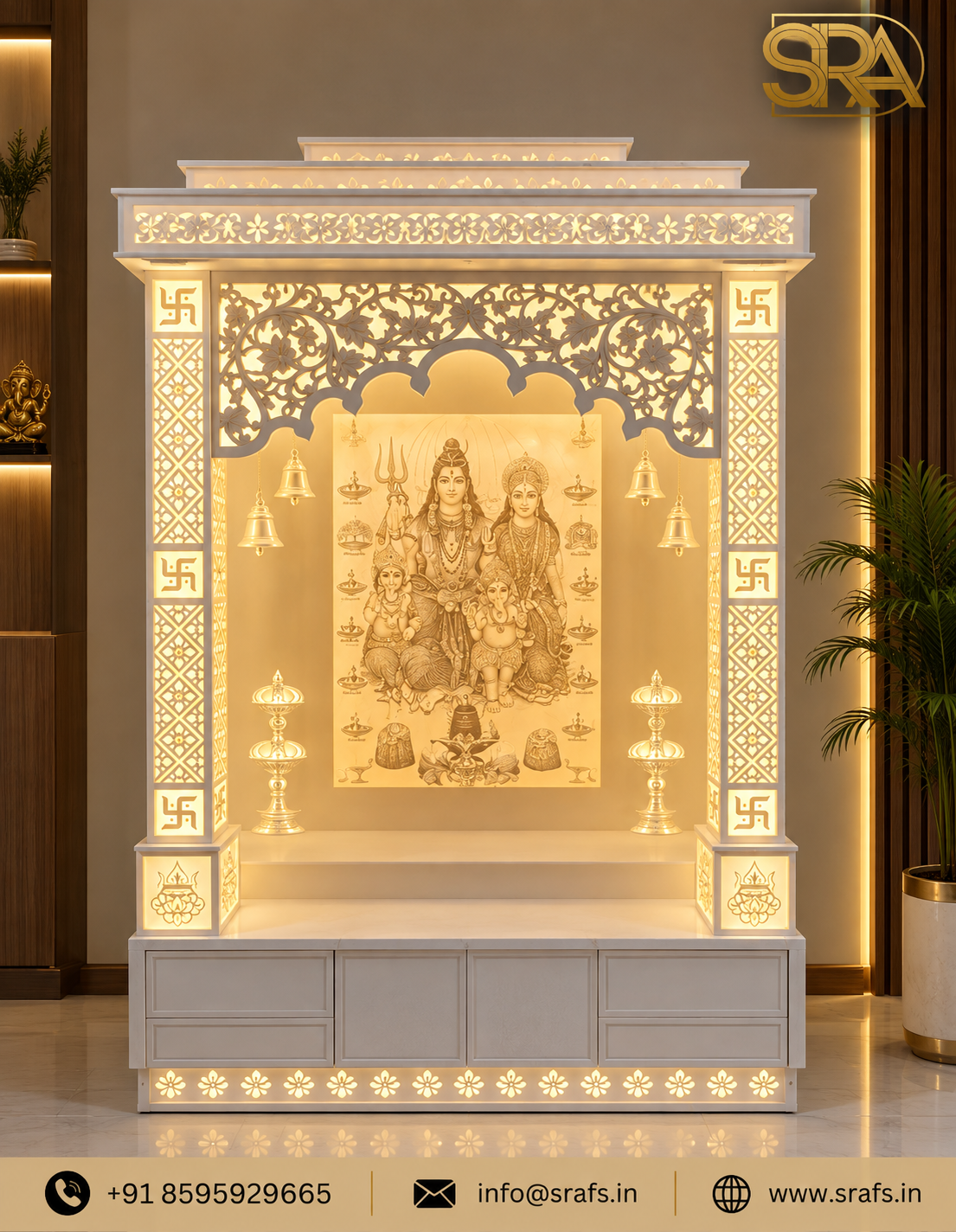Sampoorna Shiv Parivar Corian Temple
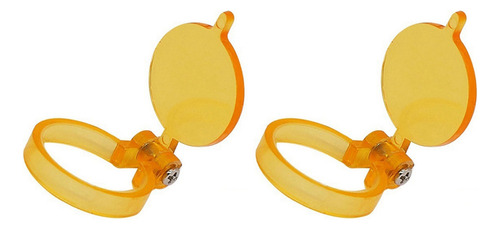 Pacote Com 2 Filtros Amarelos Para Lâmpada Led E Lupas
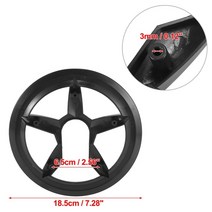 스프라켓 자전거 x autohaux 크랭크 셋 보호 커버 크랭크 체인 휠 링 가드 프로텍터 스프로킷 링 40t42t 46t 48t 52t45 구멍, 4042t 6.5cm 5홀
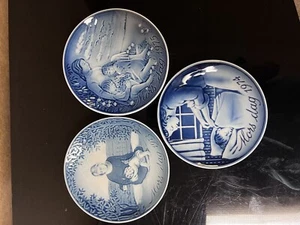 3 Georg Jensen Of Denmark Mothers Day Plates,73,74,75. - Picture 1 of 1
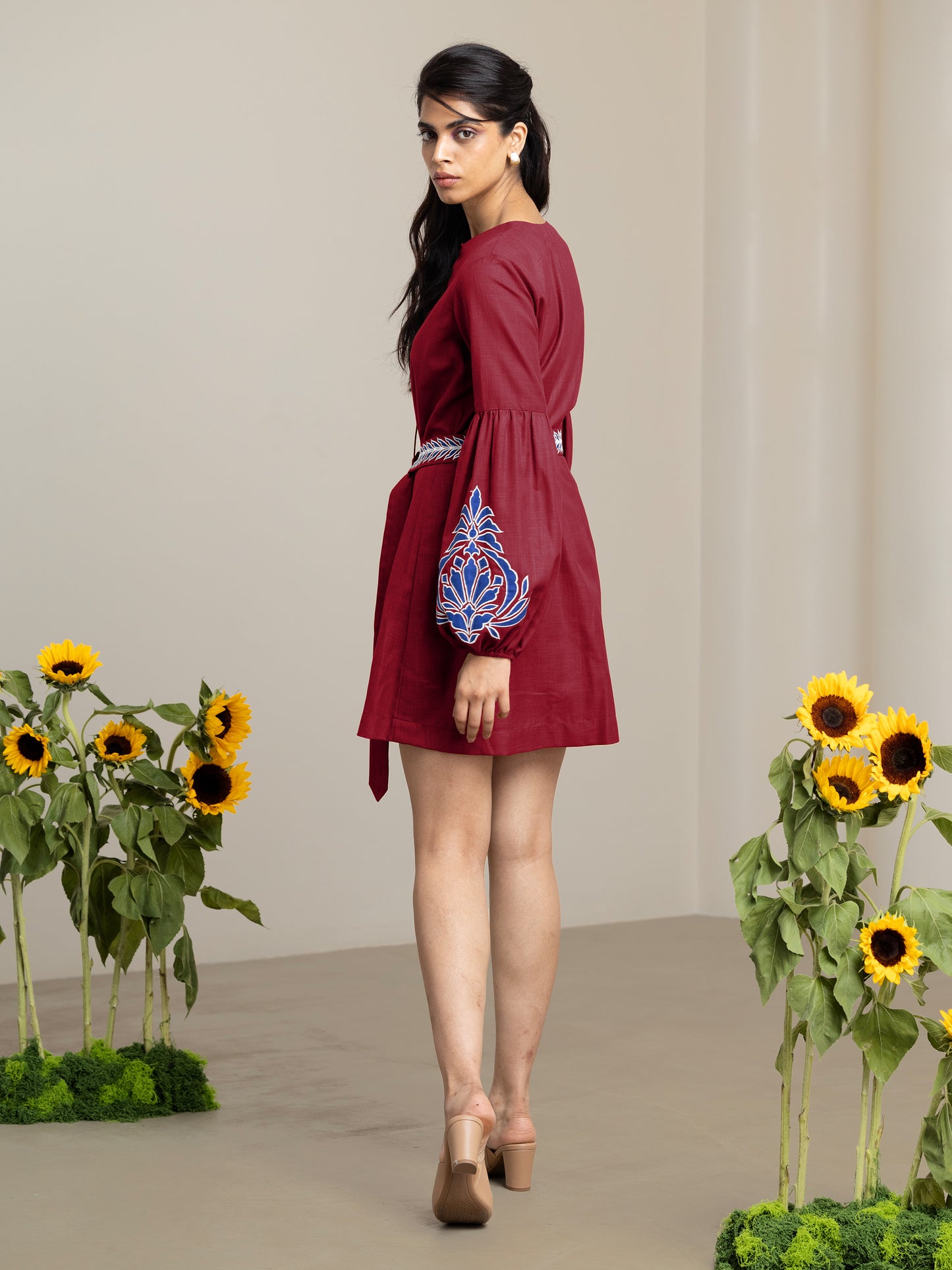 Sand Dunes Red Dress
=====
Set each line of the records down exactly, leaving every picture out.

Sampoorna Shiv Parivar Corian Temple
 Pacote Com 2 Filtros Amarelos Para Lâmpada Led E Lupas
 스프라켓 자전거 x autohaux 크랭크 셋 보호 커버 크랭크 체인 휠 링 가드 프로텍터 스프로킷 링 40t42t 46t 48t 52t45 구멍, 4042t 6.5cm 5홀
 3 Georg Jensen Of Denmark Mothers Day Plates,73,74,75. - Picture 1 of 1
 Sand Dunes Red Dress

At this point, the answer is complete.